Picouto tenía razón

La anécdota -cierta o no, poco importa para el caso- la contó Wenceslao Fernández Flórez en uno de sus artículos. Era Picouto el director de un diario coruñés que un día asistió a una escena de sádico ensañamiento con un gato: había sido “pescado” con el señuelo de un trozo de carne prendido de un anzuelo. La noticia que el periodista redactó sobre el suceso arrancaba diciendo: “Dos salvajes que se dedican a cazar gatos con anzuelo…”. La pareja que había protagonizado el suceso se presentó en la redacción del periódico con un reproche: “No se puede injuriar impunemente al Ejército español”. Y es que los dos jóvenes resultaron ser oficiales que se amparaban en su rango militar para exigir una rectificación a la que Picouto no accedió. Dada la insensibilidad manifestada por el periodista ante el primer argumento, recibió otros que pretendían ser más convincentes: los palos que le propinó un capitán de Infantería y las amenazas de ser llevado a los tribunales en virtud de la Ley de Jurisdicciones. El asunto se ponía feo.

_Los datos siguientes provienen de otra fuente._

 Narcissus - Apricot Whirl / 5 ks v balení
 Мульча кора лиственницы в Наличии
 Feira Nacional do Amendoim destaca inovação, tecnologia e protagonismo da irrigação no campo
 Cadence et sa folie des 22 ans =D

“El infeliz –relató Fernández Flórez– fue a visitar a una autoridad para pedir amparo, y la autoridad le instruyó:
-Usted puede escribir, si quiere, veinte volúmenes contra la caza del gato con anzuelo; puede fundar otro periódico exclusivamente consagrado a defender los intereses de los gatos. Pero insultar al Ejército, no.
-Adjetivé a dos hombres crueles.
-Adjetivó a dos oficiales. Cacen gatos o funden asilos para gatos, son dos oficiales siempre.
Vencido, Picouto redactó otro suelto:
‘No eran dos salvajes, eran dos tenientes de Infantería los que hace una semana…’”.

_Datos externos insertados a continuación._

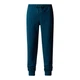 Брюки мужские The North Face M Nse Pant 44 Синій NF0A4SVQ1NO1 - изображение 1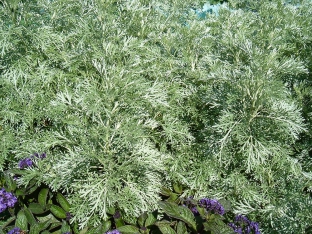 Artemisia absinthium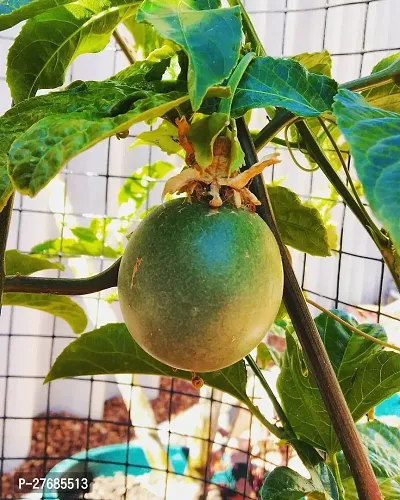 Zomoloco Air Layered Passion Fruit Plant Live Plan-thumb0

Es conocida la querencia de Fernández Flórez por las parábolas. Ésta fue escrita en los primeros días de la II República, a modo de advertencia sobre su indisposición para seguir el ejemplo del claudicante Picouto:

“Los políticos están ahora tan terriblemente identificados con sus ideales, que muchas veces creen que el ideal es… ellos mismos […]. Si se opone un comentario hostil a sus procedimientos o a sus manifestaciones, extienden trágicamente un brazo para denuncia ante el país:
-¡He ahí un enemigo de la República!
Desde ahora aclaro que no veo en toda la extensión de la política española un solo hombre que pueda presumir de que en él está vinculado el nuevo régimen. El que cace gatos lo hará por su cuenta”.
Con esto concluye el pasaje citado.